Rental Application Fraud Jumps As High As 50% In Some Cities

Rental Concessions Rise to New Level

 

New Supply Dampens Rent-Growth Projections

Anticipated increases in multifamily supply have prompted Yardi Matrix to reevaluate its rent-growth projections for 2027

Anticipated increases in multifamily supply have prompted Yardi Matrix to reevaluate its rent-growth projections for 2027, according to Yardi Matrix Multifamily Rent Forecast Update.

“The main change to our forecast is a more tepid 2027, with a national asking rent growth of 2% vs. 3%” from previous forecasts, said Andrew Semmes, senior research analyst, in the report.

This forecast is the result of more than 400,000 new units expected to come online in 2027, more than previously estimated, leading to tepid rent growth that year.

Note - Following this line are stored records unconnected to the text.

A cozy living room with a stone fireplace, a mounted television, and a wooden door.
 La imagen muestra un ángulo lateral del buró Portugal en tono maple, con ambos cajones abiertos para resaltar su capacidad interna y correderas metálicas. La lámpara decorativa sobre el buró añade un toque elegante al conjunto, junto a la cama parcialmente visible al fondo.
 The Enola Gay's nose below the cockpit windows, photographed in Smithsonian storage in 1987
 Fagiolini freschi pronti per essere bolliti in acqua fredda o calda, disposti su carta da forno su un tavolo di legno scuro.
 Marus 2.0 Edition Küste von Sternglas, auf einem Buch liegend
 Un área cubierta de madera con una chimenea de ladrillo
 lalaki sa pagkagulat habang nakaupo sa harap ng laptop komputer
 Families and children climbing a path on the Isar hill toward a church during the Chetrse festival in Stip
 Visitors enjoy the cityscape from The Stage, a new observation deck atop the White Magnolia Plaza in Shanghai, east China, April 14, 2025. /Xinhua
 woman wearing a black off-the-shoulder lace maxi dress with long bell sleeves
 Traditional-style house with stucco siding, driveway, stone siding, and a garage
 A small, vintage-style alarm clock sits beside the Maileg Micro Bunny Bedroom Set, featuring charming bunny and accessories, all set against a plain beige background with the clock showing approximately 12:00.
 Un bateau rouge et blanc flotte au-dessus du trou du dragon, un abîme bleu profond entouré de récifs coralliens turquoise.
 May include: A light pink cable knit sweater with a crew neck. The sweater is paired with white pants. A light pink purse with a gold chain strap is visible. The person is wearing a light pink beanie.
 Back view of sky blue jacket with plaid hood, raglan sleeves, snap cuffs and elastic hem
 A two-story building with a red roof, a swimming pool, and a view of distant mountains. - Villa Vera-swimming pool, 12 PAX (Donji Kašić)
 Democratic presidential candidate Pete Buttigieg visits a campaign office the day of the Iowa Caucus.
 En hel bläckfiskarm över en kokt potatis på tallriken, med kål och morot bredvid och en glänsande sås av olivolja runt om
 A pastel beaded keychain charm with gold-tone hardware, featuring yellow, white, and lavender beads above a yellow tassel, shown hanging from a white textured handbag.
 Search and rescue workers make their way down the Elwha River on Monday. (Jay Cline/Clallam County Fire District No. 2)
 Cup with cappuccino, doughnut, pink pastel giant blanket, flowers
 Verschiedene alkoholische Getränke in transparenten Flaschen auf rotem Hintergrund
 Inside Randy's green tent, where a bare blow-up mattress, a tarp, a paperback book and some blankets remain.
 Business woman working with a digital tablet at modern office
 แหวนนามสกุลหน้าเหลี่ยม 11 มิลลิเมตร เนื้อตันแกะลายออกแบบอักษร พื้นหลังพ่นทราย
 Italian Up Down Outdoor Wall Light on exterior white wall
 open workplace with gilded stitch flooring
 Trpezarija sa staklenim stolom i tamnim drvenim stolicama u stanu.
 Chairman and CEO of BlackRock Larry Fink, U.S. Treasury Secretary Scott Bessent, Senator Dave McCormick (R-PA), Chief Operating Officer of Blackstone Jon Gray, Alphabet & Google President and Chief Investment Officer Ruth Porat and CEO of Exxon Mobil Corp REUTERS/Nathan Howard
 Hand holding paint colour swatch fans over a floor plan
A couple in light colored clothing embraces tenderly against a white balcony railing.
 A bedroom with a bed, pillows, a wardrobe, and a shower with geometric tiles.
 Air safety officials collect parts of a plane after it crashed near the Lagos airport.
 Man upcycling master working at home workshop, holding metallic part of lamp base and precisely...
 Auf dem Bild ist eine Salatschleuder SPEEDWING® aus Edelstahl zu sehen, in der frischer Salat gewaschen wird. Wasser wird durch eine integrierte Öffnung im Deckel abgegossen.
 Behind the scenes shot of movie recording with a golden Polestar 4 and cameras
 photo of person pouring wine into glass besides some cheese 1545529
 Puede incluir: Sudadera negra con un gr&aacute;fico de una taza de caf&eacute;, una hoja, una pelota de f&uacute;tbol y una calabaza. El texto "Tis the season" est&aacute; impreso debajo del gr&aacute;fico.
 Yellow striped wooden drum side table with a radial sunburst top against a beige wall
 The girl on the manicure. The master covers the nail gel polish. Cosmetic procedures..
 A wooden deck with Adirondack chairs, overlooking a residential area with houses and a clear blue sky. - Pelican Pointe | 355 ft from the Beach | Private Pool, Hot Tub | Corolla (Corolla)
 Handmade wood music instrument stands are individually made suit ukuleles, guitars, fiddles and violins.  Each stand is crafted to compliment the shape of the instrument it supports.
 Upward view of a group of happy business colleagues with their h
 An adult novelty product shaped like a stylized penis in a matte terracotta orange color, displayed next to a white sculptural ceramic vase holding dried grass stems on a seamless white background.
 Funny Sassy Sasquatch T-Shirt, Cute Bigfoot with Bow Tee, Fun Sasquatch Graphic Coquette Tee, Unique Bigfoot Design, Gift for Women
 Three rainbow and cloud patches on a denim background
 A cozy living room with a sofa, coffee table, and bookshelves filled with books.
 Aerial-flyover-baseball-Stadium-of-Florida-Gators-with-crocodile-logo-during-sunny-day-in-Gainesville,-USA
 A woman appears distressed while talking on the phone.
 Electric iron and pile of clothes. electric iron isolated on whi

In addition to new units coming onboard, the projection is for “a more modest trajectory of household formation as the labor market moderates and population growth returns to its pre-COVID decelerating trajectory. Continued decent GDP growth and high federal government financing needs do not warrant reduced long-term interest rates, which we expect will keep mortgage rates high and multifamily turnover at its current lower level,” Semmes said in the report.

Anticipated increases in multifamily supply have prompted Yardi Matrix to reevaluate its rent-growth projections for 2027

Factors driving the projection

The multifamily sector closed the summer leasing season with disparate results by market reflecting complex and uneven economic signals that have come further into focus, such as:

  • Payrolls and employment gains have slowed with data revisions
  • Consumer spending remains but sentiment has weakened
  • Policy to reduce short-term interest rates remains intact but not without some pushback
  • Slower growth on a longer timeline before rising to moderate growth

“Seasonal advertised rent growth continues to flatten and underperform historical norms. On a national basis, the average month-over-month asking rent growth was in the 0.1% range, well below the previously reported 0.4% pace for 2010-19,” the report said.

Key takeaways:

  • Different economic and policy headwinds reveal the United States is in a more vulnerable position than previously reported, though the effects differ in severity by market.
  • The result of all these forces is a slowly recovering apartment market in areas of high supply, but one which is fragile.
  • Year-over-year national rent growth for 2026 is expected in the mid- to low-1.2% range, before a modest ramp-up in 2027 to 2% and then a stronger 2028 and beyond, with forecast increases of 3.4% to 3.8%.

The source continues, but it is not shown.